Ils asticotaient les débardeurs noirs avec frénésie. Zélés, ils l'étaient, et sans conteste, et tout aussi lâches et méchants que zélés. Des employés en or, en somme, bien choisis, d'une inconscience enthousiaste à faire rêver. Des fils comme ma mère eût adoré en posséder un, fervents de leurs patrons, un pour elle toute seule, un dont on puisse être fier devant tout le monde, un fils tout à fait légitime.
Ils étaient venus en Afrique tropicale, ces petits ébauchés, leur offrir leurs viandes, aux patrons, leur sang, leurs vies, leur jeunesse, martyrs pour vingt-deux francs par jour (moins les retenues), contents, quand même contents, jusqu'au dernier globule rouge guetté par le dix millionième moustique.
La colonie vous les fait gonfler ou maigrir les petits commis, mais les garde ; il n'existe que deux chemins pour crever sous le soleil, le chemin gras et le chemin maigre. Il n'y en a pas d'autre. On pourrait choisir, mais ça dépend des natures, devenir gras ou crever la peau sur les os.
Le Directeur là-haut sur la falaise rouge, qui s'agitait, diabolique, avec sa négresse, sous le toit de tôle aux dix mille kilos de soleil n'échapperait pas lui non plus à l'échéance. C'était le genre maigre. Il se débattait seulement. Il avait l'air de le dominer lui le climat. Apparence ! Dans la réalité, il s'effritait encore plus que tous les autres.

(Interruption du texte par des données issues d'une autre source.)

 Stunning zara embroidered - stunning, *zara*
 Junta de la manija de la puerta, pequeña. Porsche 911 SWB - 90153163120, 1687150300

On prétendait qu'il possédait un plan d'escroquerie magnifique pour faire sa fortune en deux ans… Mais il n'aurait jamais le temps de le réaliser son plan, même s'il s'appliquait à frauder la Compagnie jour et nuit. Vingt et deux directeurs avaient déjà essayé avant lui de faire fortune chacun avec son plan comme à la roulette. Tout cela était bien connu des actionnaires qui l'épiaient de là-bas, d'encore plus haut, de la rue Moncey à Paris, le Directeur, et les faisait sourire. Tout cela était enfantin. Ils le savaient bien les actionnaires eux aussi, les plus grands bandits que personne, qu'il était syphilitique leur Directeur et terriblement agité sous ses Tropiques, et qu'il bouffait de la quinine et du bismuth à s'en faire péter les tympans et de ! arsenic à s'en faire tomber toutes les gencives.
Dans la comptabilité générale de la Compagnie, ses mois étaient comptés au Directeur, et comptés comme les mois d'un cochon.